### Recorded data
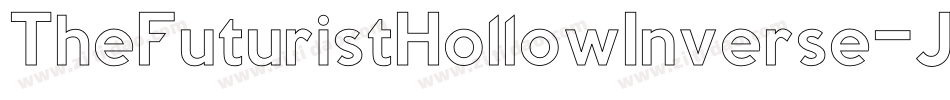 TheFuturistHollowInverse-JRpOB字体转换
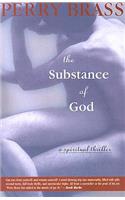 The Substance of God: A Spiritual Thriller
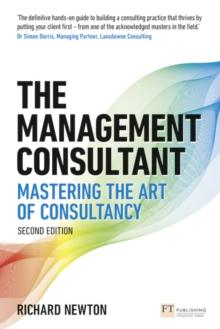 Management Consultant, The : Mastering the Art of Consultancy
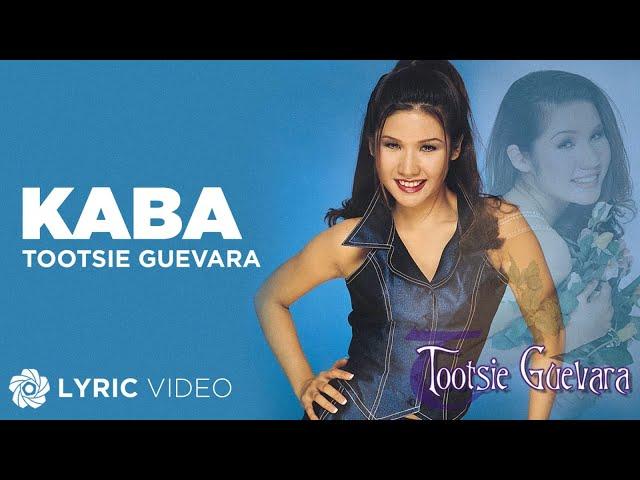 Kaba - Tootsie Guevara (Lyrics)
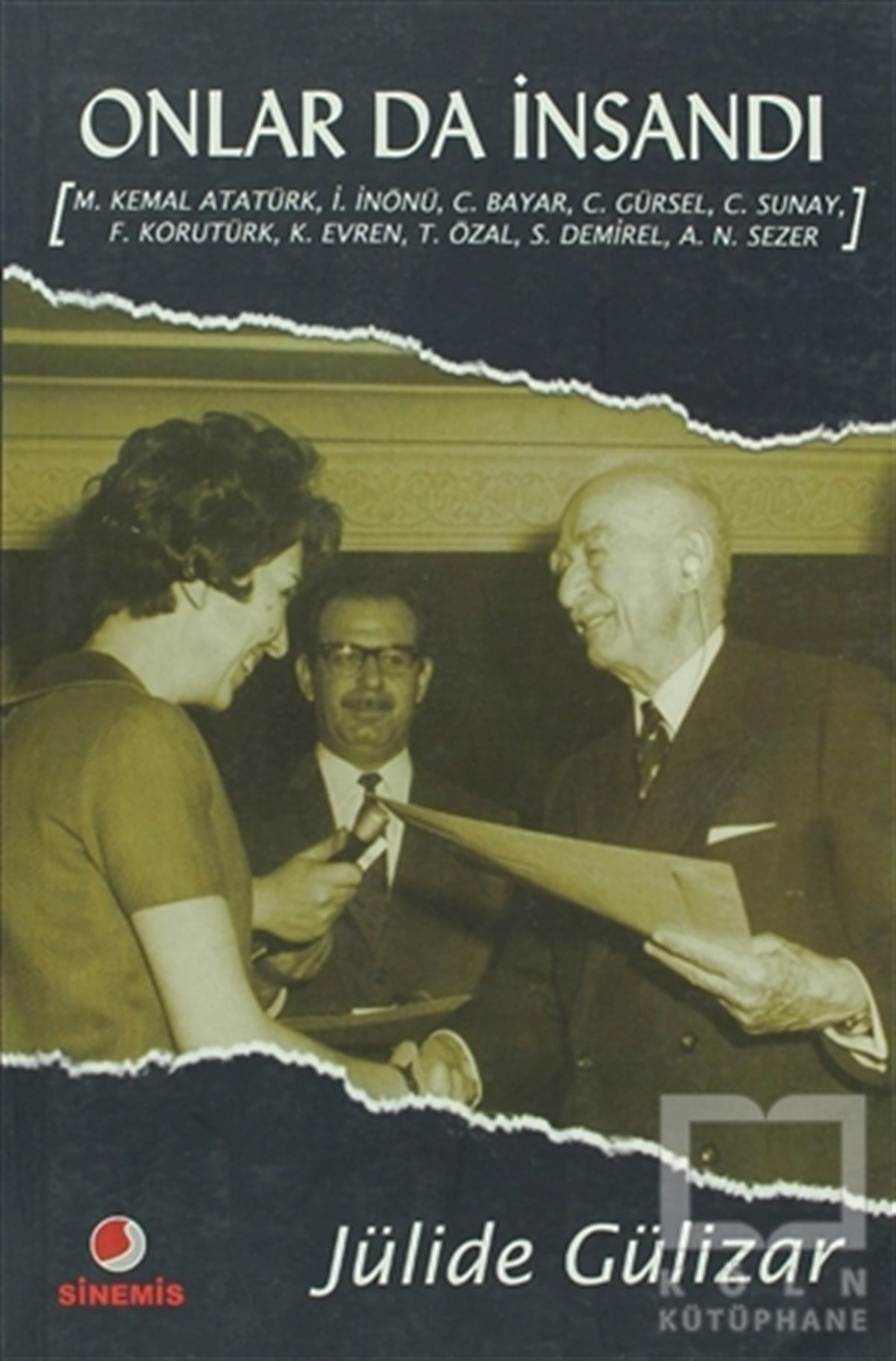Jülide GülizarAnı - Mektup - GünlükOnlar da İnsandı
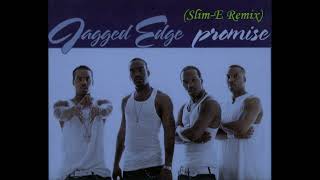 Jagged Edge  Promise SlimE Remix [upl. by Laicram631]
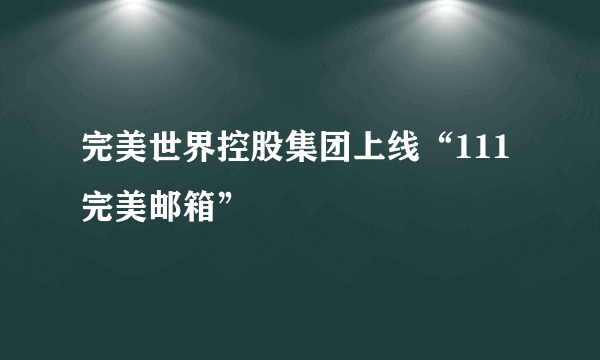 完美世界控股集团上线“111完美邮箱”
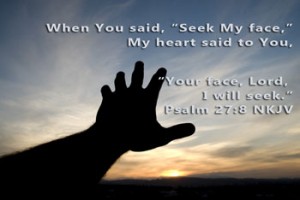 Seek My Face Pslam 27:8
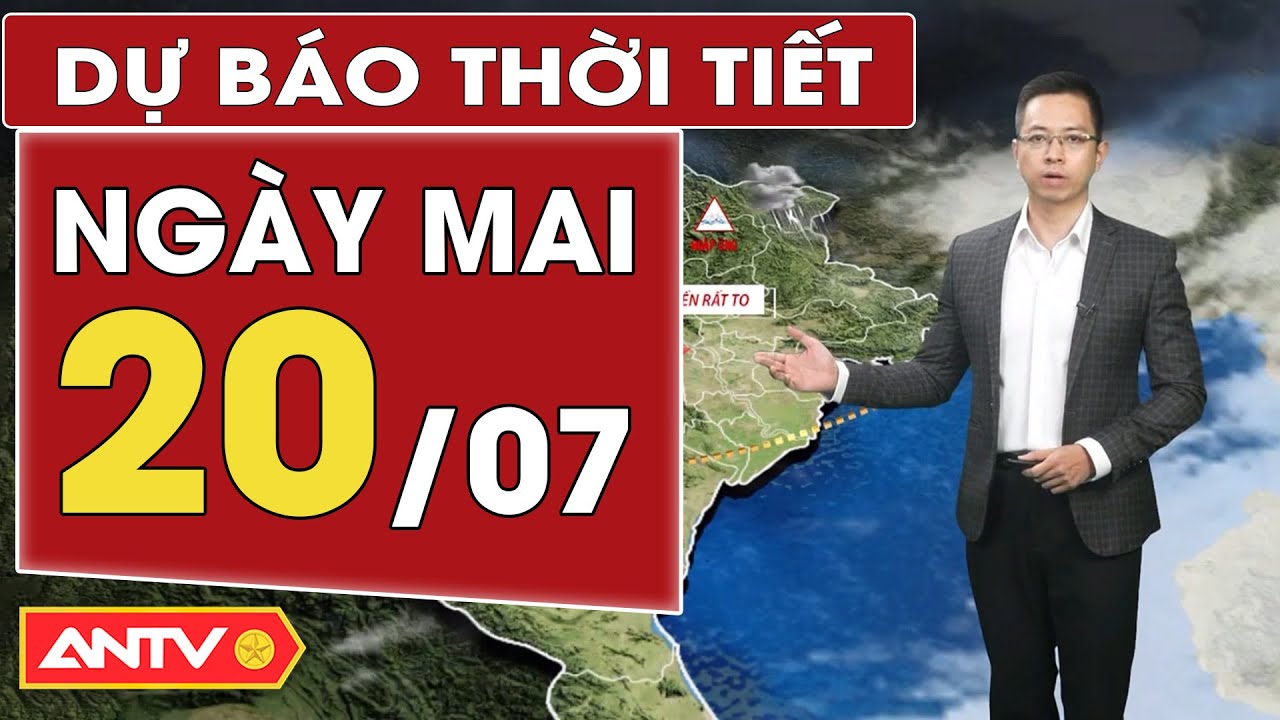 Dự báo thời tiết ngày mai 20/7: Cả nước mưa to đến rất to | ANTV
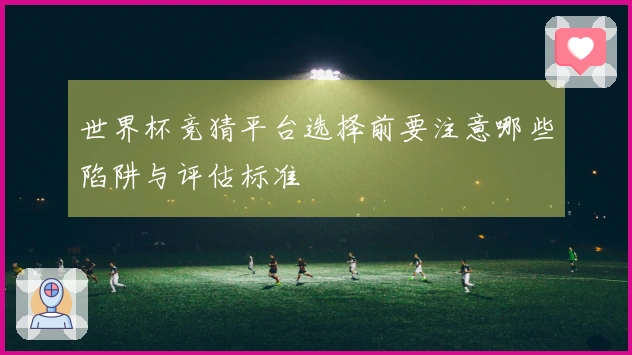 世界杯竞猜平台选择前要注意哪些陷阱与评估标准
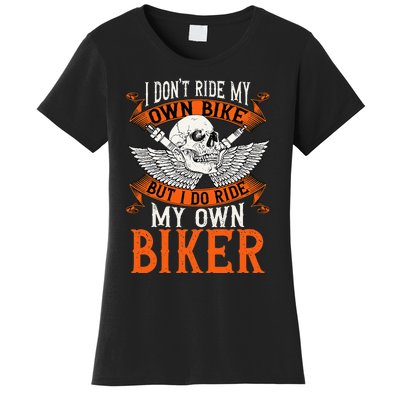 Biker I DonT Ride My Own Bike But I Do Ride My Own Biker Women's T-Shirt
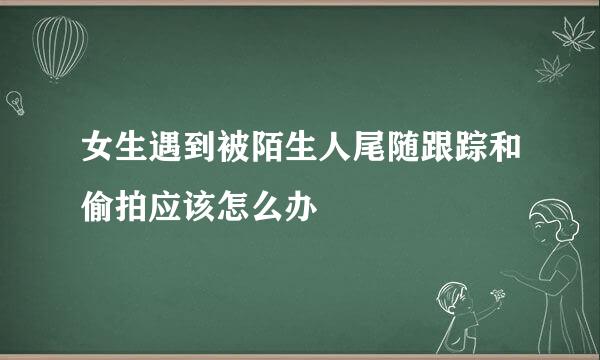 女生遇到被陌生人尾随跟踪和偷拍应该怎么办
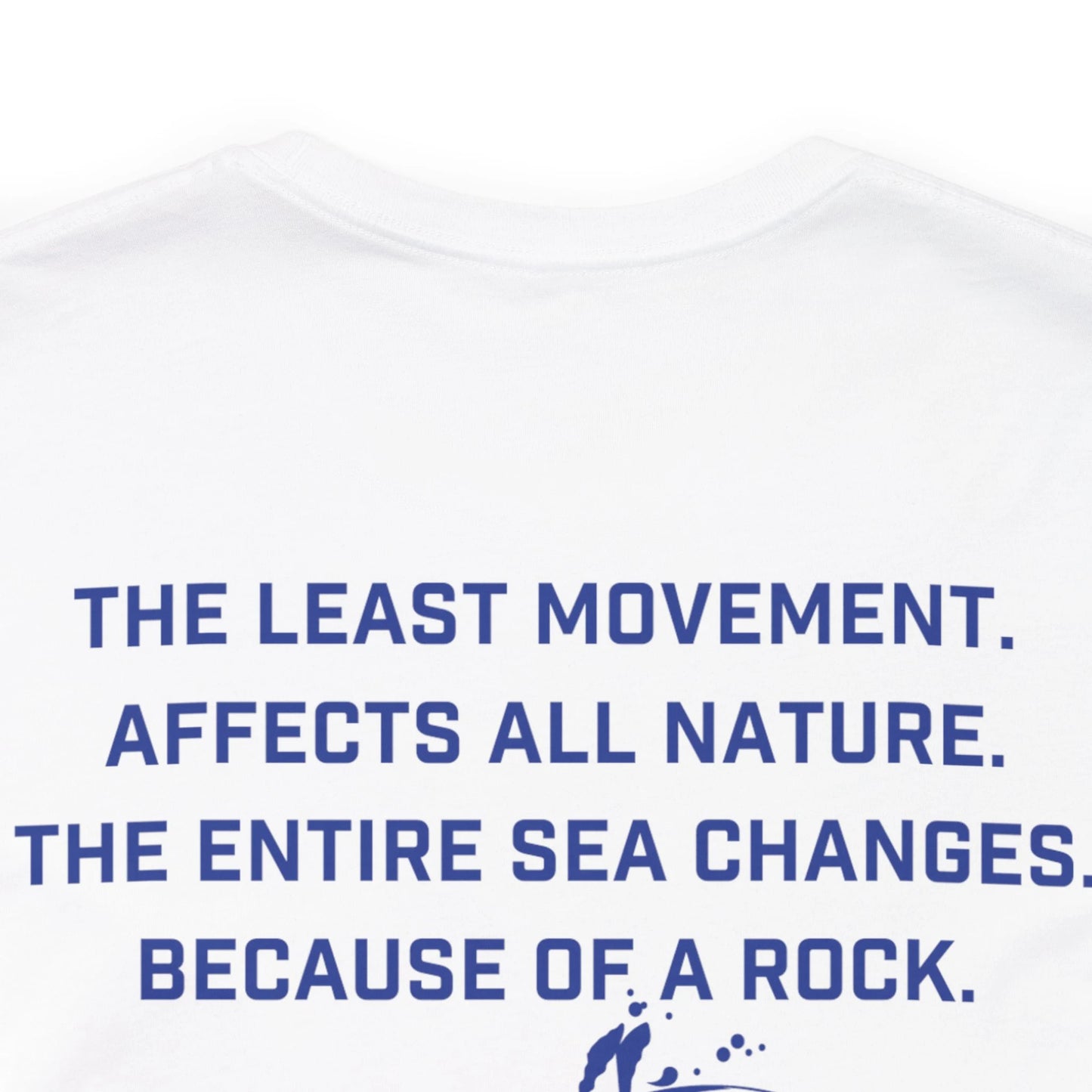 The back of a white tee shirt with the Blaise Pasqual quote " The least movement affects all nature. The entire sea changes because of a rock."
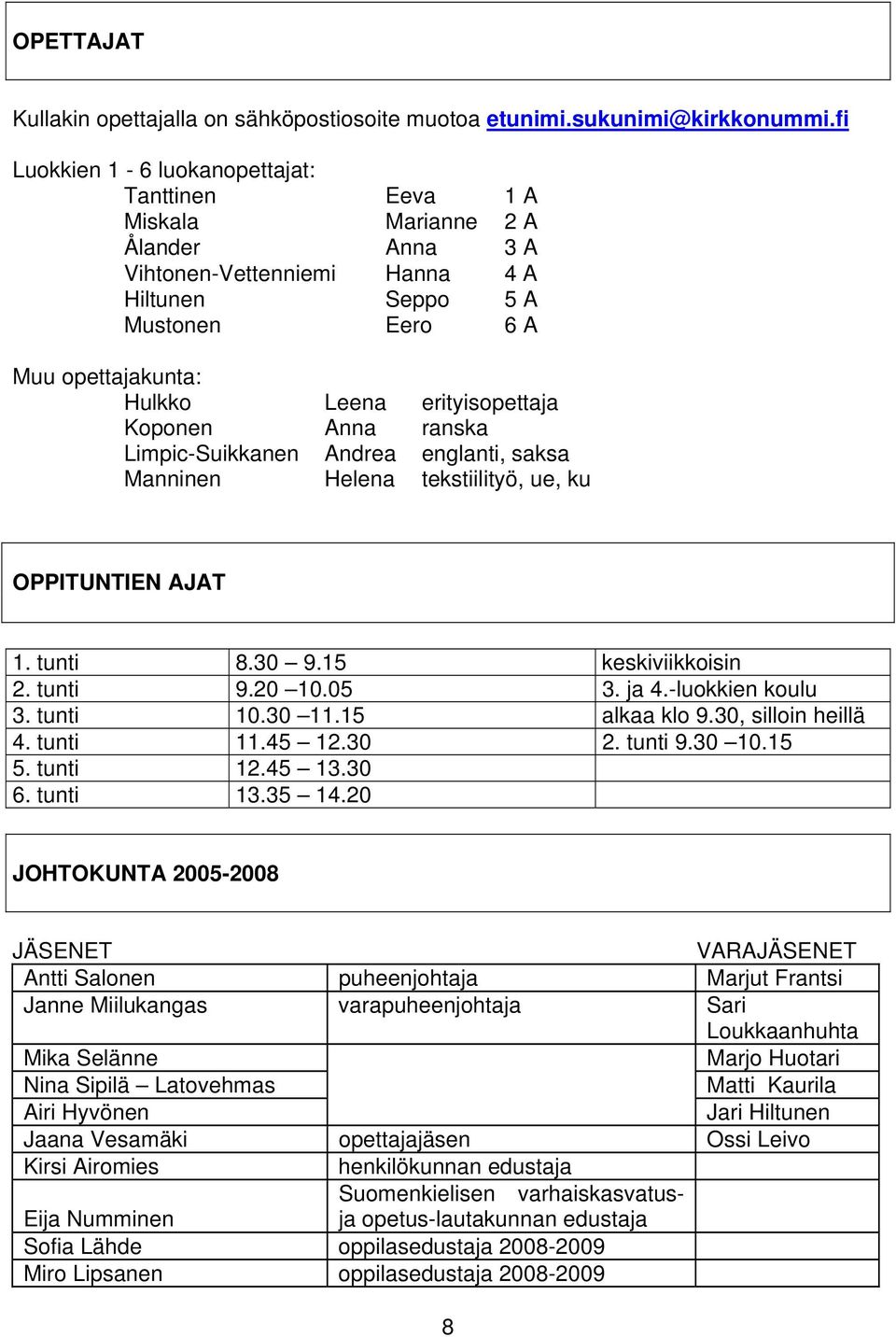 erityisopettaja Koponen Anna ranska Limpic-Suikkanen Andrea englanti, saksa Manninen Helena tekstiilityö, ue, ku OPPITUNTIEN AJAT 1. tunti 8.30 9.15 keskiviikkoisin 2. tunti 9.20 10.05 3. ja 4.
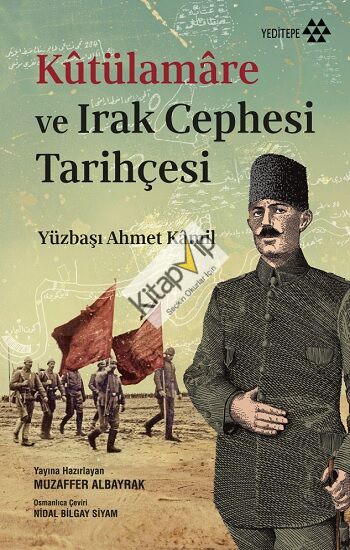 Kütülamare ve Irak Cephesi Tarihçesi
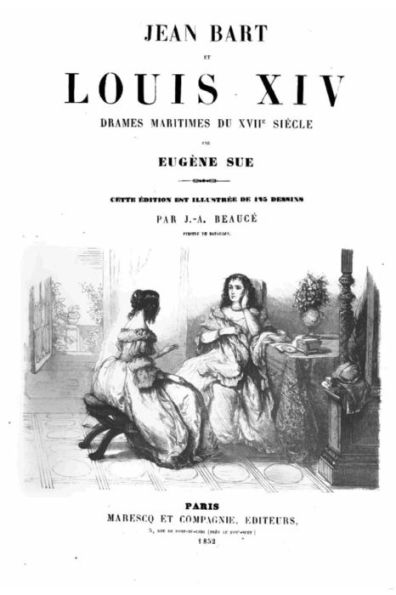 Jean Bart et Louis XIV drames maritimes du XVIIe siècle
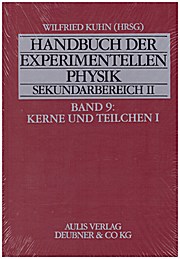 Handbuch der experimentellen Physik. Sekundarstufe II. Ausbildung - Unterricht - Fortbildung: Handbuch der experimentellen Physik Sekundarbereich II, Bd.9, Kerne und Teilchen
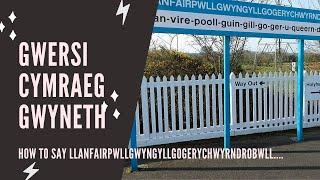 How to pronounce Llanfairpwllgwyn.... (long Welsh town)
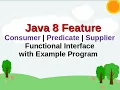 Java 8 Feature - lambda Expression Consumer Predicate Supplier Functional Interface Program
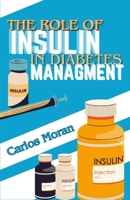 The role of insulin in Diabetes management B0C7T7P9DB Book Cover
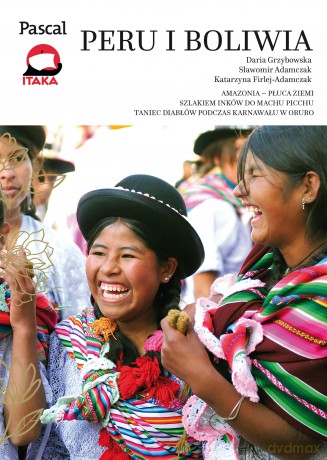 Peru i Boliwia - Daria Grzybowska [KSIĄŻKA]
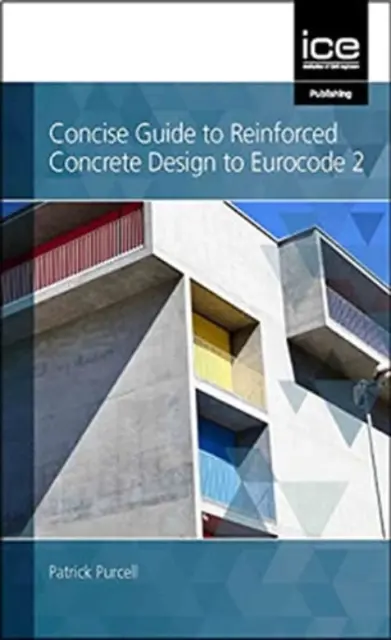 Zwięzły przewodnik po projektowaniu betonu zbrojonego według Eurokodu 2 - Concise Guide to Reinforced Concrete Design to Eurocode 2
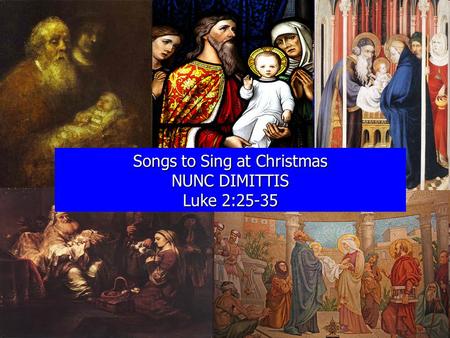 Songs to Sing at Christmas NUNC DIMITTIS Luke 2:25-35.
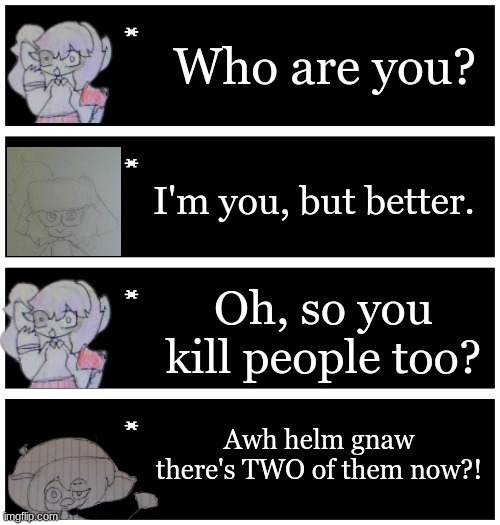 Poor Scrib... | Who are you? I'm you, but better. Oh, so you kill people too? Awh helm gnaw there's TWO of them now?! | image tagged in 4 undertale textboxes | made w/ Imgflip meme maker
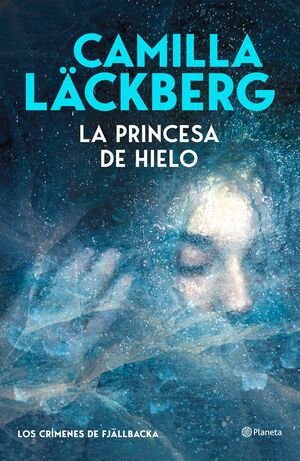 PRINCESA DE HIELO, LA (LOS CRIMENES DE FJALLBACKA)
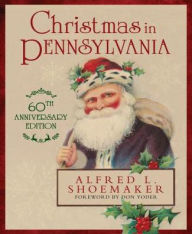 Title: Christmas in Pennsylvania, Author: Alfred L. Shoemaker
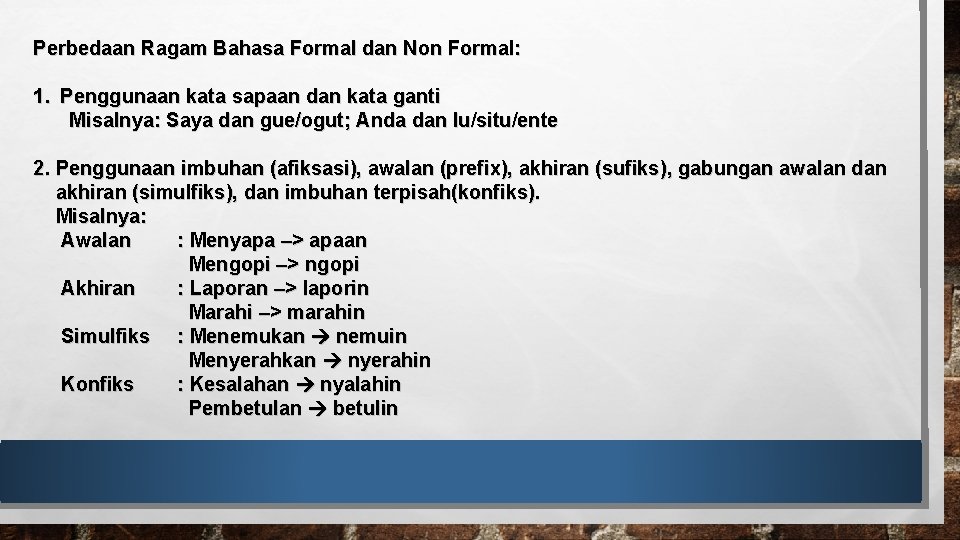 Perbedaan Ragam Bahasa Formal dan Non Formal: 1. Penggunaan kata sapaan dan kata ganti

### Required work
Write down exactly what the lines above say, from the line holding "The role of" through the line holding "Zwięzły przewodnik po", and nothing more. Do not copy the pictures.

### Answer box
 The role of insulin in Diabetes management B0C7T7P9DB Book Cover
 Peru i Boliwia - Daria Grzybowska [KSIĄŻKA]
 Zwięzły przewodnik po projektowaniu betonu zbrojonego według Eurokodu 2 - Concise Guide to Reinforced Concrete Design to Eurocode 2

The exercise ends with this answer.